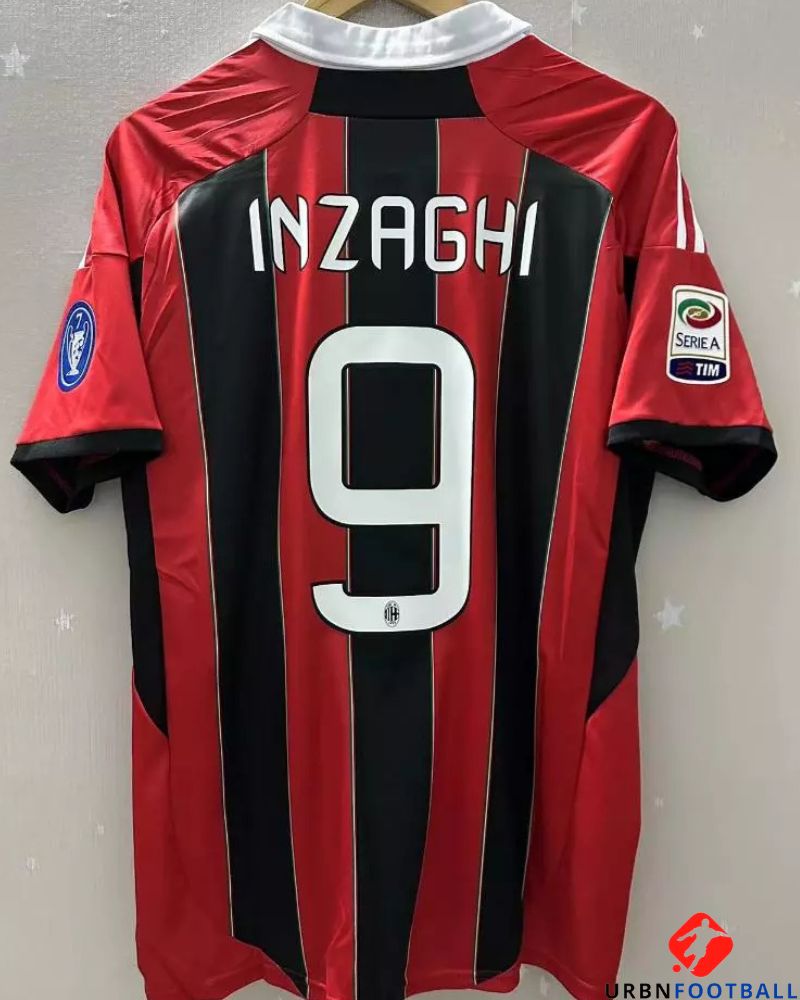 Milan 2012-2013 - Inzaghi Filippo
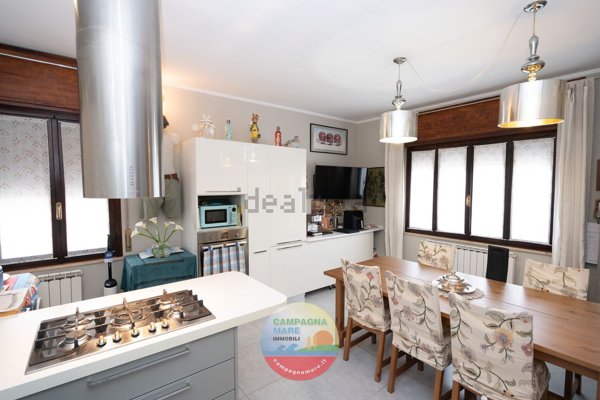 casa indipendente in vendita a Copparo in zona Coccanile-Cesta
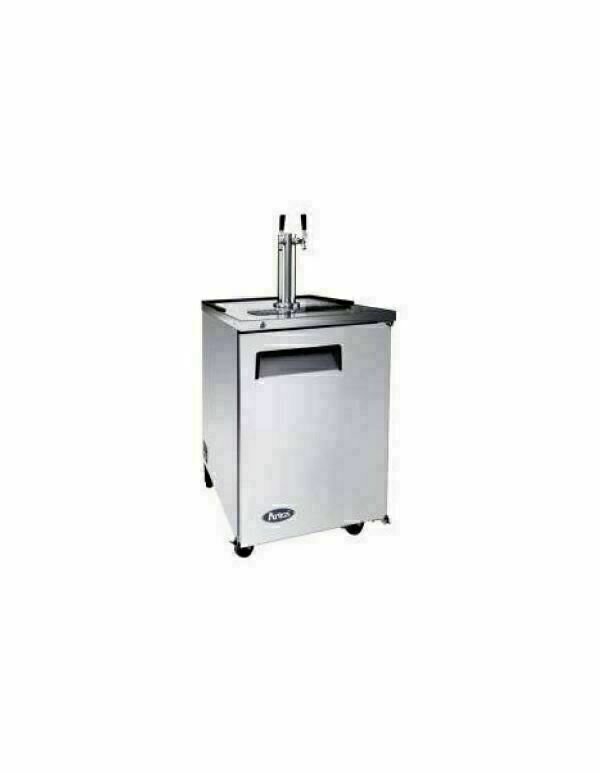 Atosa Keg Coolers 1 Door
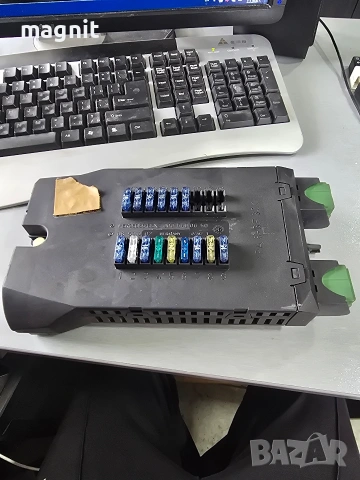 0005400650 БУШОННО ТАБЛО MERCEDES VITO 08501002, снимка 3 - Части - 53677747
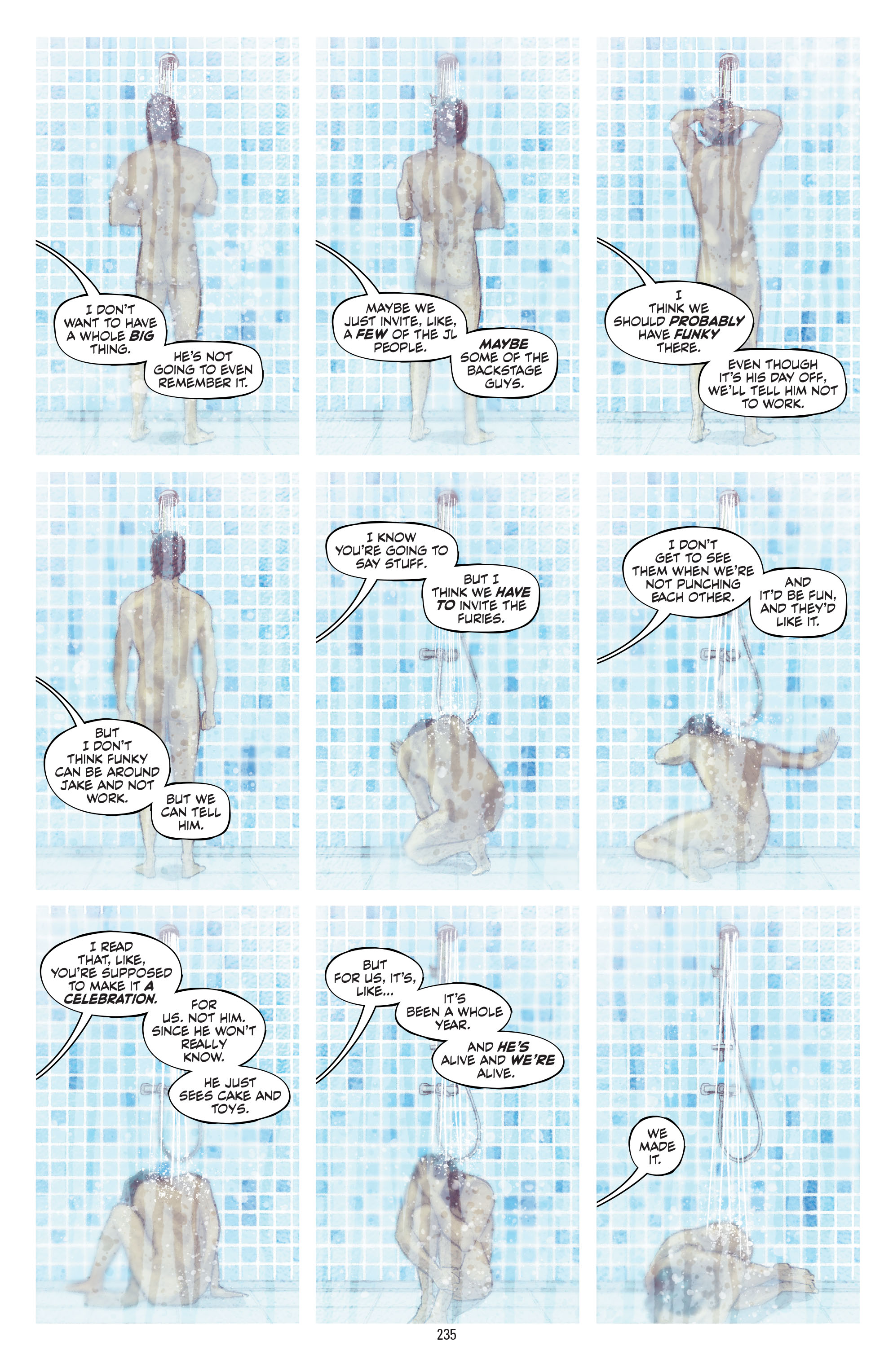 Read online Mister Miracle (2017) comic -  Issue # _TPB (Part 3) - 34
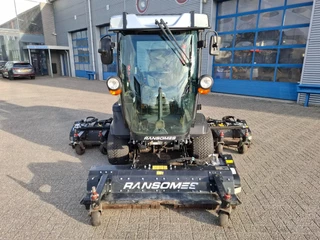 Ransomes N/A 2021 - HM600 / FLAIL MOWER / 3234 HOURS / HYDROSTATIC / 65 HP / AIRCO / CLOSED CABIN / 2021 obrazek 3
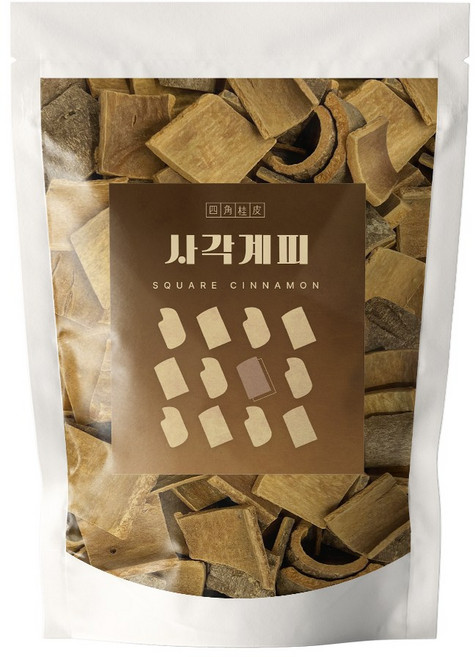 사각 계피 특품, 1개, 600g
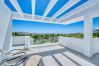 Lejlighed i Estepona - 2288 Luxury Penthouse with Private Rooftop Pool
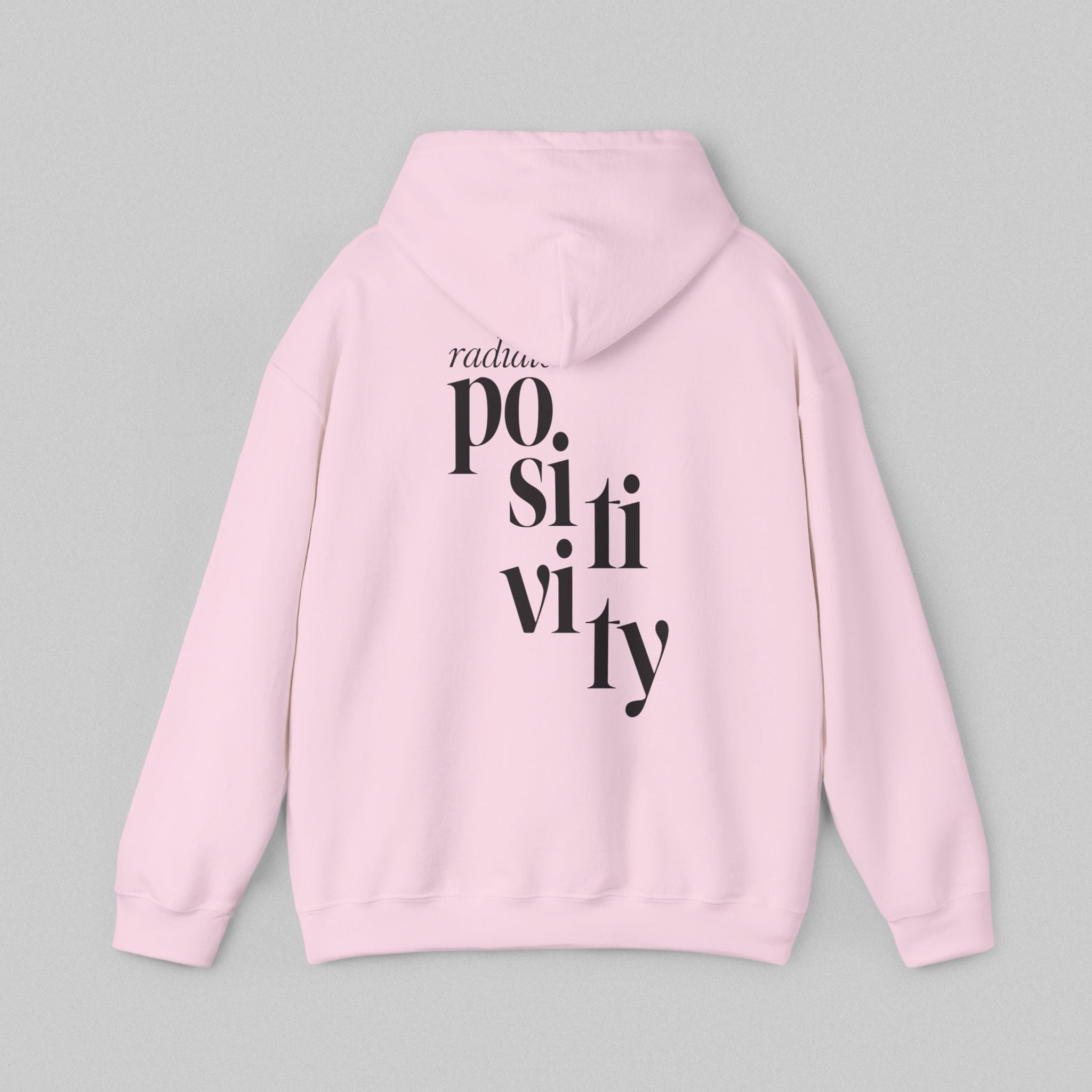 Radiate Positivity Women’s Hoodie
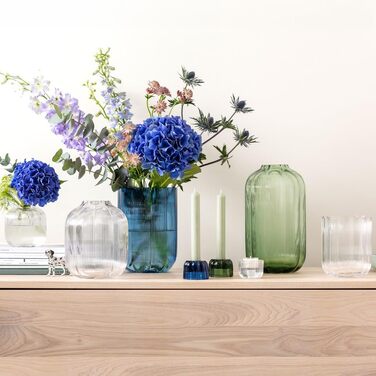 Ваза скляна декоративна 16 х 19 см, прозорий Fleur Villeroy & Boch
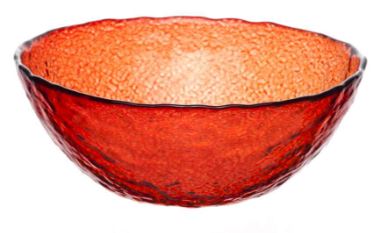 Салатник 130 мм Энжой Рэд 10378 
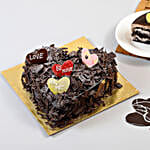 Love In Abundance Cake Half kg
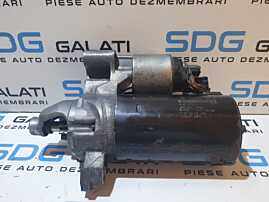 Electromotor Cu 10 Dinti Audi A5 2.0 TDI CAHA CAHB CGLC CGLD CNHC CCJCA CJCB CJCD CSUA CSUB CMFA CMFB CMEA 2008 - 2017 Cod 03L911021E 0001139019 [B3650]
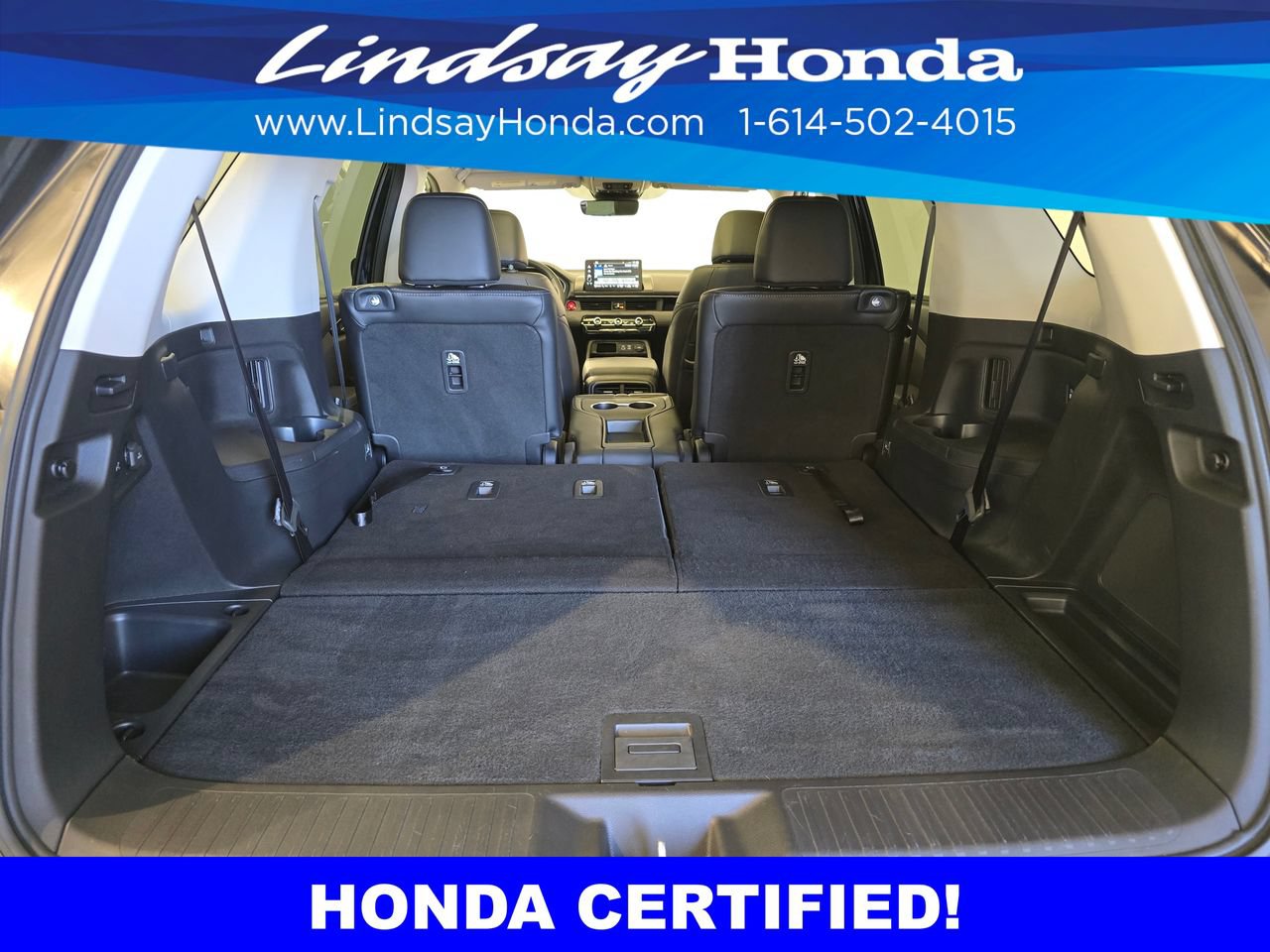 Certified 2023 Honda Pilot Touring image 8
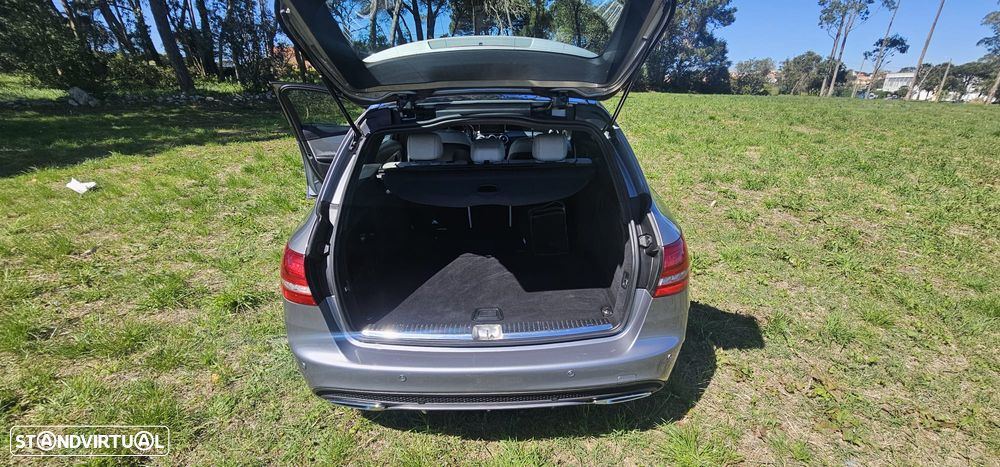 Mercedes-Benz C 250 BlueTEC AMG Line Aut. - 2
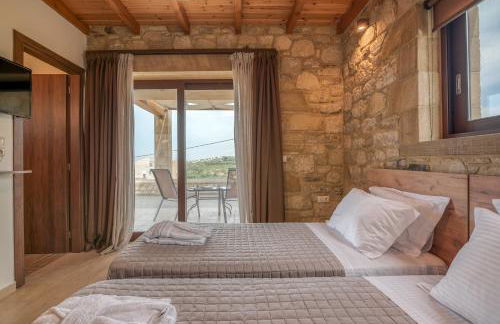 Lithina charm villa with private pool and sea view - Photo 17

Task directions:
With pictures omitted, repeat the entries above word for word from the line holding "Radiate Positivity Women’s Hoodie" down to the line holding "Electromotor Cu 10", keeping both of those lines.

Your solution:
 Radiate Positivity Women’s Hoodie
 Ваза скляна декоративна 16 х 19 см, прозорий Fleur Villeroy & Boch
 Салатник 130 мм Энжой Рэд 10378 
 Love In Abundance Cake Half kg
 Electromotor Cu 10 Dinti Audi A5 2.0 TDI CAHA CAHB CGLC CGLD CNHC CCJCA CJCB CJCD CSUA CSUB CMFA CMFB CMEA 2008 - 2017 Cod 03L911021E 0001139019 [B3650]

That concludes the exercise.